Wie weit würde der viel diskutierte „Schlagloch-Soli“ für Autofahrer überhaupt in Duisburg reichen? Immerhin sind im Stadtgebiet rund 250 Kilometer Straße erneuerungsbedürftig. Die NRZ hat mit den Stadtplanern im Rathaus nachgerechnet, was eine solche Infrastrukturabgabe bringen würde.
Schlaglöcher sind mitunter tief, das Loch in der Kasse für die nötigen Reparaturen ist aber in jedem Fall tiefer. Mit seinem umstrittenen Vorschlag eines „Schlagloch-Soli“ von 100 Euro im Jahr für alle Autofahrer bestimmte Torsten Albig die Schlagzeilen in dieser Woche.

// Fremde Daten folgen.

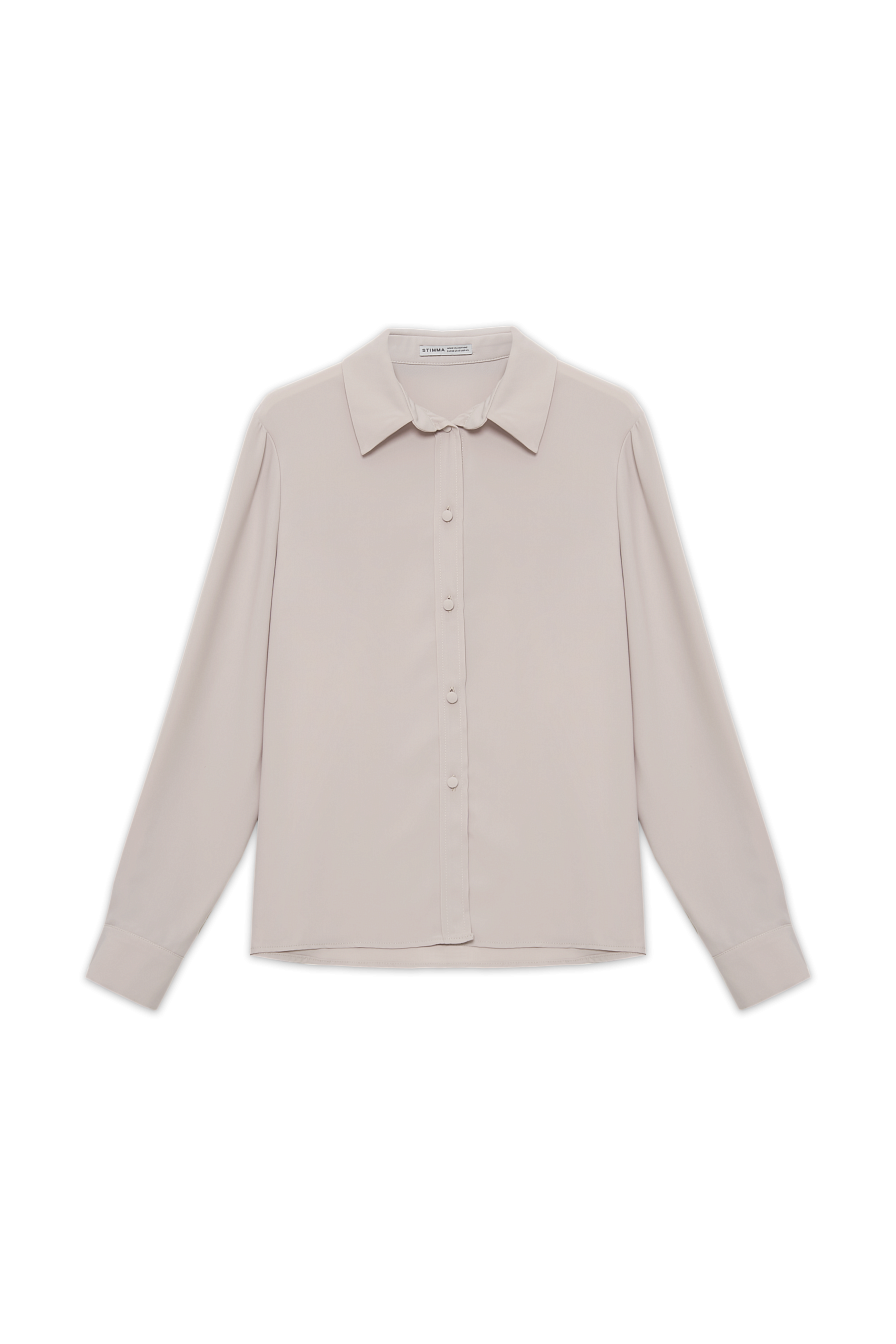 Женская блуза Stimma Жанет, фото 1 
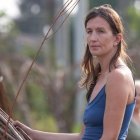 Wierzba bez granic - fot. Kępka Photography 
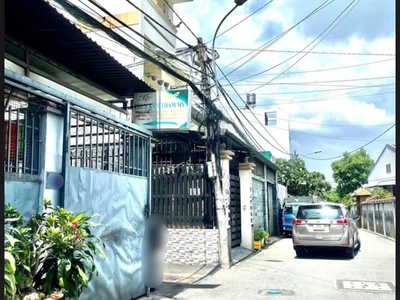 Bán nhà 2 mặt tiền q12, thới an 82m2, nở hậu, giá chỉ 5.85 tỷ   shr, hoàn công đầy đủ 0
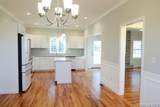 5 James Place - Photo 5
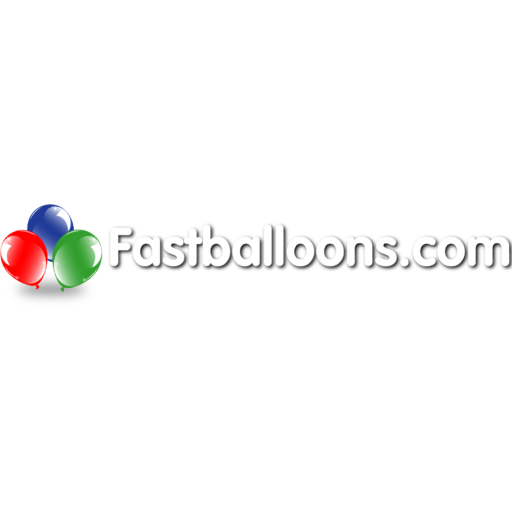 FastBalloons.com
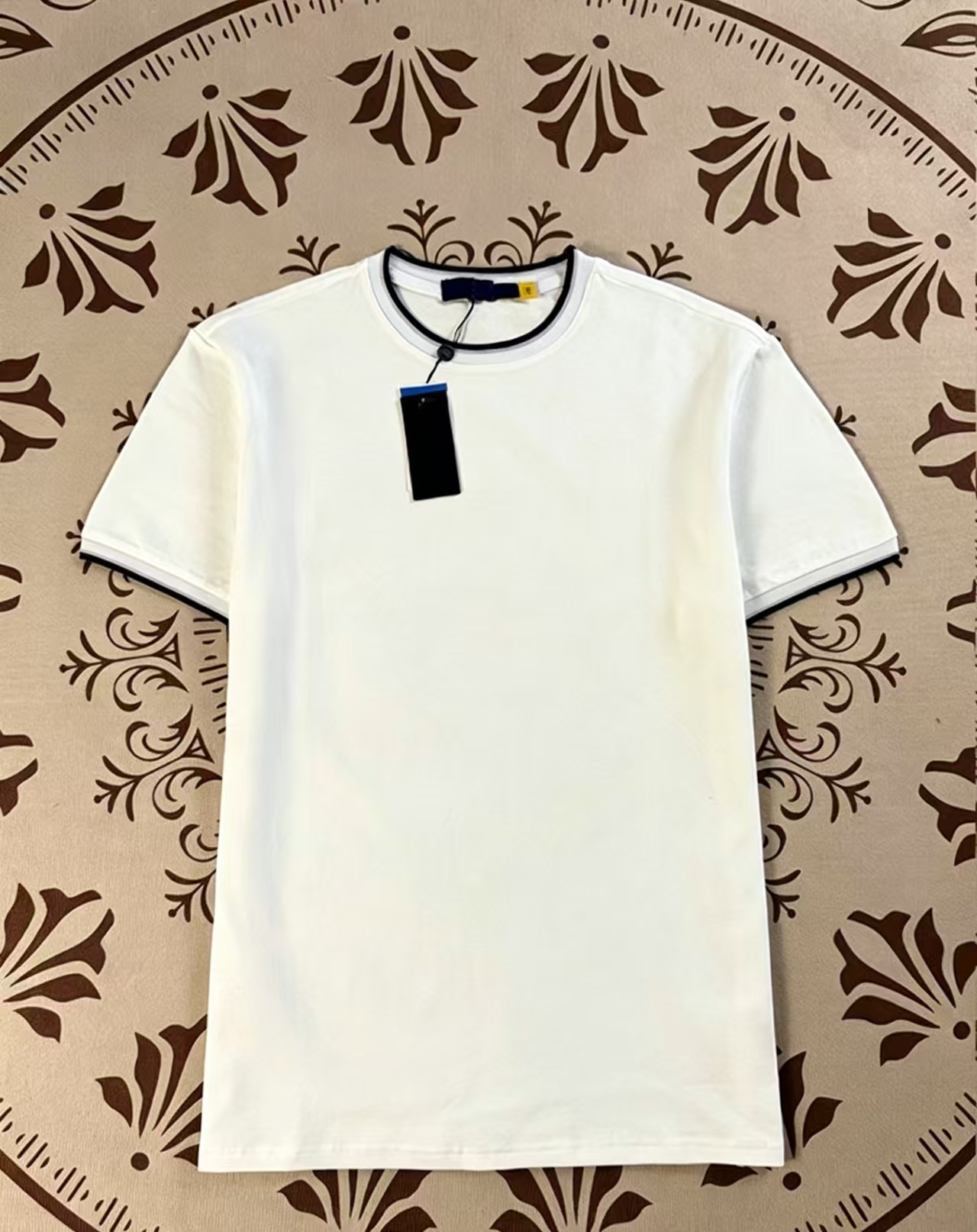 Blanc
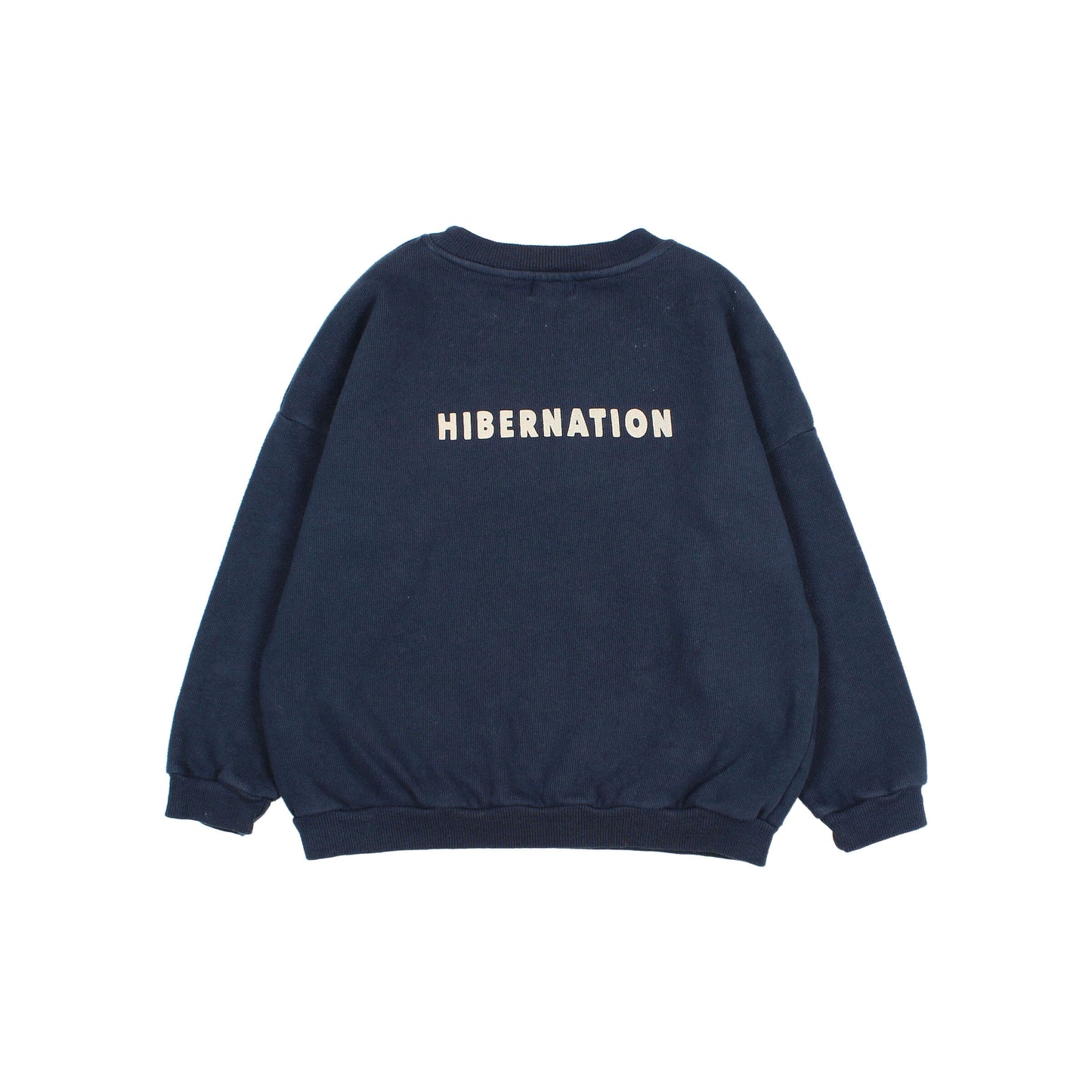 Felpa Hibernation Kids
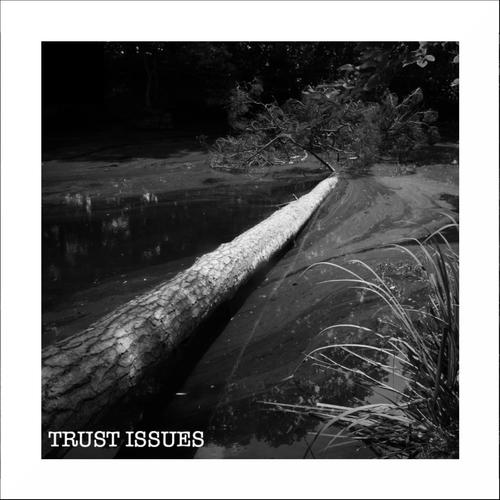 Trust Issues (Explicit)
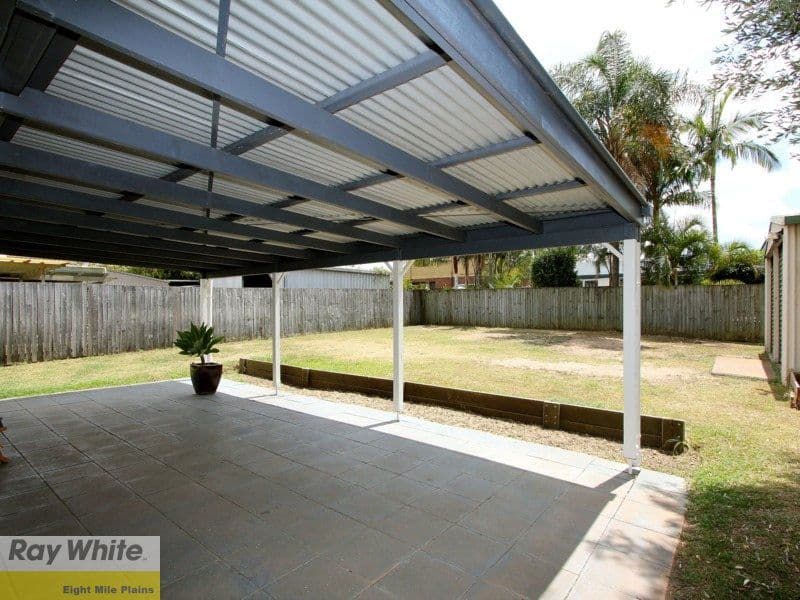 271 Daw Road, RUNCORN QLD 4113, Runcorn - Thumbnail 8
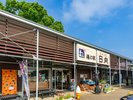 道の駅 日向★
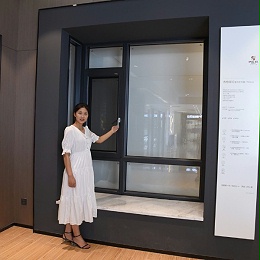 噪音的危害你知道多少？子弹头爆款门窗让你每天静享35分贝居家生活！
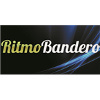 RitmoBandero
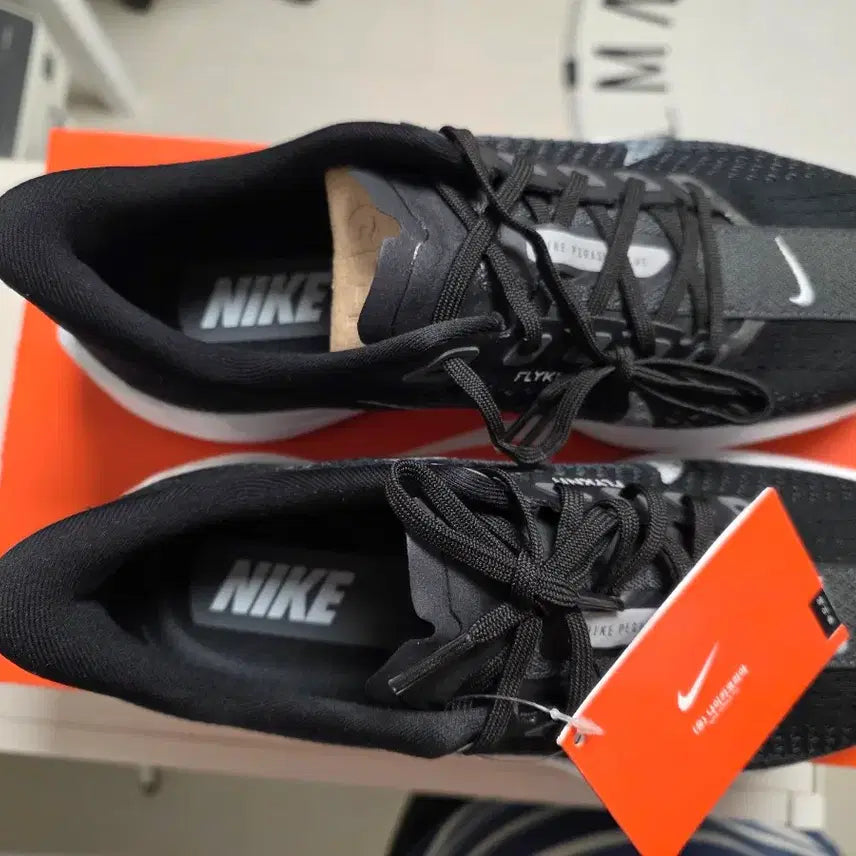 [BUNJANG] Nike Pegasus Plus 260mm Sneakers / 나이키 코리아 정품 페가수스 플러스 260mm 미착용 새상품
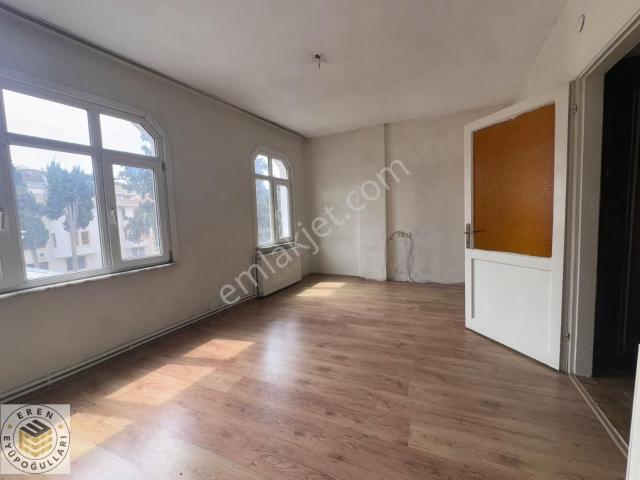 Bayrampaşa, İstanbul içerisinde satılık mülk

Doch würde das Geld überhaupt ausreichen, um zum Beispiel die Straßen in Duisburg wieder auf Vordermann zu bringen?
Die Rechnung ist nicht schwer: Rund 250.000 Kraftfahrzeuge sind in Duisburg angemeldet, würden die Halter tatsächlich mit 100 Euro zur Kasse gebeten, stünden unter dem Strich also 25 Millionen Euro zur Verfügung. Doch wie viel neuer Teer lässt sich damit überhaupt auf die maroden Straßen bringen?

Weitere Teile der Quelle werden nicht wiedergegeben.